Readiness is personnel, equipment and materiel.

To be ready, the CAF needs reliable, scalable systems to generate all three, including the ability to surge production on little to no notice.

The current CAF mindset is fixated on defending status quo Potemkin units, and generating just enough to sustain a constabulary force.

The most important officers and NCMs in CAF sustainment are those instructing and commanding at the schools, with those doing force development a close second.
 
There may have been a consensus of those of us who were ignored during the reorganization of CFNES to NFS(A) to "Let it fail".

Senior instructors attempted to input advice to the change initiative, but were shut down hard.
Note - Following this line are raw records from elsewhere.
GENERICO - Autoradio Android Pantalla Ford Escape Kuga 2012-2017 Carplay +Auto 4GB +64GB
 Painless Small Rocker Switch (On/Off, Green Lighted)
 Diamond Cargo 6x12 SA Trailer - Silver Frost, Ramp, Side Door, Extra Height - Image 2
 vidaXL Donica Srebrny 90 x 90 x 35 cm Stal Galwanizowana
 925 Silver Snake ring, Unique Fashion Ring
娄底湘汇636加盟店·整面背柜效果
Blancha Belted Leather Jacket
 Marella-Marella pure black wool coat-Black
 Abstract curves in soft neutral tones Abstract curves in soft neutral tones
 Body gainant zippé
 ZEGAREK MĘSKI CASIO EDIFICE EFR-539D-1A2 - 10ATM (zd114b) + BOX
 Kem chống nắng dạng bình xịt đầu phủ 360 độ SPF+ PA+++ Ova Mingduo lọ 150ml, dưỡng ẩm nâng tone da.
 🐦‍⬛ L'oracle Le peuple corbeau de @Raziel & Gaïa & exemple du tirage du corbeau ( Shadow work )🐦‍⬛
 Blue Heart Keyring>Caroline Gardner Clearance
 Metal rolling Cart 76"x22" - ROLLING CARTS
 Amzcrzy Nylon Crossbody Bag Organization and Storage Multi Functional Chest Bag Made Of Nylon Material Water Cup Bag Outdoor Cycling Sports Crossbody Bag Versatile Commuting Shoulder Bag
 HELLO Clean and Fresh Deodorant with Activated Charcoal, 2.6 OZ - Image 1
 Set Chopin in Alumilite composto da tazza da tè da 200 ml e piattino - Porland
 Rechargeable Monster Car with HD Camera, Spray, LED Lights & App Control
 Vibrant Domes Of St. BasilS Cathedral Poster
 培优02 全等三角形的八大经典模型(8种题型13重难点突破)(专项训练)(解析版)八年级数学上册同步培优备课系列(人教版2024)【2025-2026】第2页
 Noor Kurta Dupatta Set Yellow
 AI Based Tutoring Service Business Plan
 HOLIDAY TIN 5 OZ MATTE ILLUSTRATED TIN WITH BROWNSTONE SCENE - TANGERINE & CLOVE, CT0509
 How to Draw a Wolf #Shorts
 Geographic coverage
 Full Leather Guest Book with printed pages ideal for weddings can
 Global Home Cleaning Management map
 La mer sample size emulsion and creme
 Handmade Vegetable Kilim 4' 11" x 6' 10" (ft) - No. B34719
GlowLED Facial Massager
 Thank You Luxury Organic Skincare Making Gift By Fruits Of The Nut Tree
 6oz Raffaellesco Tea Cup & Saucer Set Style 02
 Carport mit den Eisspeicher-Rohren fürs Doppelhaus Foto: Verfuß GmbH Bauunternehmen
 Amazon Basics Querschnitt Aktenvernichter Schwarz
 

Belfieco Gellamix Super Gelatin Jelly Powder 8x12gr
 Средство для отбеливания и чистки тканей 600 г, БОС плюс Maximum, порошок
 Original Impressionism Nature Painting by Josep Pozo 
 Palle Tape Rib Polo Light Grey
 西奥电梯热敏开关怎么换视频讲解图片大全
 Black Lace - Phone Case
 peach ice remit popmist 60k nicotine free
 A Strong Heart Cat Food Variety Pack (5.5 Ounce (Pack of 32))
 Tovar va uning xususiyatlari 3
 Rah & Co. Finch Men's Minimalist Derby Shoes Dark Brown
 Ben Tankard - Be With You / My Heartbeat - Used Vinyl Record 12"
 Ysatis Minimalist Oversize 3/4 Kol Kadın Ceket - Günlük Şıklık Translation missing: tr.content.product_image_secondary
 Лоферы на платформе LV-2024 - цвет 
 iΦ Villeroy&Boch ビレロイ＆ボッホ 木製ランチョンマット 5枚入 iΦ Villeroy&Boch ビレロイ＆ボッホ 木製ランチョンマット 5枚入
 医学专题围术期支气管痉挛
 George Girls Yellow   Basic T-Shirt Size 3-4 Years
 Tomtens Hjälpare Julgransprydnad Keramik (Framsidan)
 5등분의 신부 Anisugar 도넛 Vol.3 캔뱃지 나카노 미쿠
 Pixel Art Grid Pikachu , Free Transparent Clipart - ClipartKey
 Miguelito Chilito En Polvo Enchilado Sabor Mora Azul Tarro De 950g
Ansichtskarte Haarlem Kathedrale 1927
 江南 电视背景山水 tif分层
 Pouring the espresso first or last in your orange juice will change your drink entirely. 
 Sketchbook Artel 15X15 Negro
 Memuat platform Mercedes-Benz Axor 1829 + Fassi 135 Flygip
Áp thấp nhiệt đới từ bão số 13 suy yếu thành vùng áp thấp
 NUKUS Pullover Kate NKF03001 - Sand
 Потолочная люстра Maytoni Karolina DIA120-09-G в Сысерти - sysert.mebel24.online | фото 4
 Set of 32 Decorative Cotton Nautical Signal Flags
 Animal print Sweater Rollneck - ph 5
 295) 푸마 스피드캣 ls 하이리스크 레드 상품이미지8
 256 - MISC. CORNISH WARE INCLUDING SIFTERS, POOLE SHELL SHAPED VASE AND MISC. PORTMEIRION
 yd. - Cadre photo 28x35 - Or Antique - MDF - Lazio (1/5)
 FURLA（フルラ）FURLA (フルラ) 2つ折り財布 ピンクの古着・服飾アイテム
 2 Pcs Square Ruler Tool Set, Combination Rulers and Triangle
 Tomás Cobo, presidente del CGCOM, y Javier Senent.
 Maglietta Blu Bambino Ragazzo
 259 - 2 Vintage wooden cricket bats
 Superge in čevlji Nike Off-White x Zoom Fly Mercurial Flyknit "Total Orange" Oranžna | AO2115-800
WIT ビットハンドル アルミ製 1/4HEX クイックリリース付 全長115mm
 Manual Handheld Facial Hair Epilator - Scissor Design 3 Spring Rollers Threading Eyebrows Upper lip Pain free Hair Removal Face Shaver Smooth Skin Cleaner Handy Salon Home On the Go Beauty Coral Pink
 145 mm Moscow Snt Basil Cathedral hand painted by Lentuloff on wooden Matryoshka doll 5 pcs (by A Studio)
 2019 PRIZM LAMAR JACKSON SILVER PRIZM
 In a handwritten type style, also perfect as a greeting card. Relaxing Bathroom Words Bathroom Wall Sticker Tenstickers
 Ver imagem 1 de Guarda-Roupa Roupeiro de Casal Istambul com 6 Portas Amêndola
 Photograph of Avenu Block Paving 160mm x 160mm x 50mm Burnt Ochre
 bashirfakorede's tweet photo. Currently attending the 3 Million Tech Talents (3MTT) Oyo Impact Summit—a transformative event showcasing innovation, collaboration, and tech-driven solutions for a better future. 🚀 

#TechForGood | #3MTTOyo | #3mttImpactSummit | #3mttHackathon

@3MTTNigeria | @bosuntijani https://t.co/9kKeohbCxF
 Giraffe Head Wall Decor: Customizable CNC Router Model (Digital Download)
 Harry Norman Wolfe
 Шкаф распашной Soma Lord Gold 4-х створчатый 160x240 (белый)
Training Chiefs attempted, but the only space that had some success was DC DIV, where the direct fleet impact of staff reductions would have been felt in very short order.

"Not enough instructors to run a DCOTT = worse fleet readiness"

As such, much of the staffing at DC Div remained at pre-NFS(A) levels, but, the rest of the school was gutted.

The NET(A)/W ENG(S) Training section went from a P1, five P2's, and seven MS with a P1 at Standards supporting, to a P1, two P2s and two MS, with the Senior Instructor being their own "Standards" 13 - 5.

With 13 instructors, you could run 4 courses (QL3/QL5) with 2 instructors each and have spare people to send on leave, MATA/PATA, Nijmegen, Shooting Teams, PLQ, swap out with a buddy that needed a break from a ship, etc.

With 5, you have no depth of field - you can run 2 courses at a time with 2 instructors each (required for safety on electronics/powered systems) but you have no redundancy - what happens when MS Jones calls in sick? What happens when PO2 Smith goes on ILP?

The response was that any empty staff spots at the school would be filled by CFTPO'ing people in from the fleet....which is the opposite of how VCDS manning priorities actually work.

So, until you build up the instructor cadre again, you're going to be screwed for producing new techs.

And those of us who attempted input and were resoundingly told to 'shut up' by leadership were left only with the "Let it Fail" solution....and that has home to roost. Long after the leadership who imposed it have been given their awards and retired, the pieces are left to the Navy of Today to pick up.

It'll take a lot of work to rebuild what's been lost in the RCN's training system.
 
It’s still far too early to forecast recruiting 7–12 years out, but it’s also not accurate to say the pay changes aren’t having an effect yet. Recruiting was reportedly up about 50% last year, and CFLRS ran more courses than at any point in its history, which strongly suggests the incentives are already moving the needle. On the retention side, there’s an immediate behavioural change as well, many people, myself included, are choosing to stay long enough to collect the extra $6K and pad pensions. That’s not a long term cultural fix, but it is a short term stabilizer, and right now that matters.

Where the critique absolutely holds is on capacity. You can recruit all the sailors you want, but if they can’t get trades training in a timely manner, it’s all for naught. That bottleneck is the real risk, not the lack of interest in joining. The CAF is once again being asked to modernize, expand, and sustain operations simultaneously, after decades of underfunding and political drift. None of this works without real will inside the CAF and in Ottawa to invest consistently and dare to plan beyond the next crisis.
What are the chances of us sending over a few dozen sailors to the RN for training once their T26's start coming online?